Records for this exercise:

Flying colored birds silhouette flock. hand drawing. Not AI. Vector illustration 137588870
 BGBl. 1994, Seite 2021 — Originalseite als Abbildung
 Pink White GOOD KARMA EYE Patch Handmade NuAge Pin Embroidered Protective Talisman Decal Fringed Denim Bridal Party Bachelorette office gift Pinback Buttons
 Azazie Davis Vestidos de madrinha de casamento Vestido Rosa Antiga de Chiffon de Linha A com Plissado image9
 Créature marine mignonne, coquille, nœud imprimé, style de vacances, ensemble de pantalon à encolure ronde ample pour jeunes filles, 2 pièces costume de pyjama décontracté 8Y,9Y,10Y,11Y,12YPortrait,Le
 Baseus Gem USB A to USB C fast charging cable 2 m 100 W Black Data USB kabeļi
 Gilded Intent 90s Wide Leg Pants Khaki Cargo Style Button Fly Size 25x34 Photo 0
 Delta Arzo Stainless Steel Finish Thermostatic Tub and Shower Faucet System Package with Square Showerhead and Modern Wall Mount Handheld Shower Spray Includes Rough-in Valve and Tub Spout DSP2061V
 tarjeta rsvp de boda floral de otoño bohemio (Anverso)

Task goal:
Once the line with "Baseus Gem USB" has been found in the records above, retype it and every line after it exactly, and include nothing else.

Task output:
 Baseus Gem USB A to USB C fast charging cable 2 m 100 W Black Data USB kabeļi
 Gilded Intent 90s Wide Leg Pants Khaki Cargo Style Button Fly Size 25x34 Photo 0
 Delta Arzo Stainless Steel Finish Thermostatic Tub and Shower Faucet System Package with Square Showerhead and Modern Wall Mount Handheld Shower Spray Includes Rough-in Valve and Tub Spout DSP2061V
 tarjeta rsvp de boda floral de otoño bohemio (Anverso)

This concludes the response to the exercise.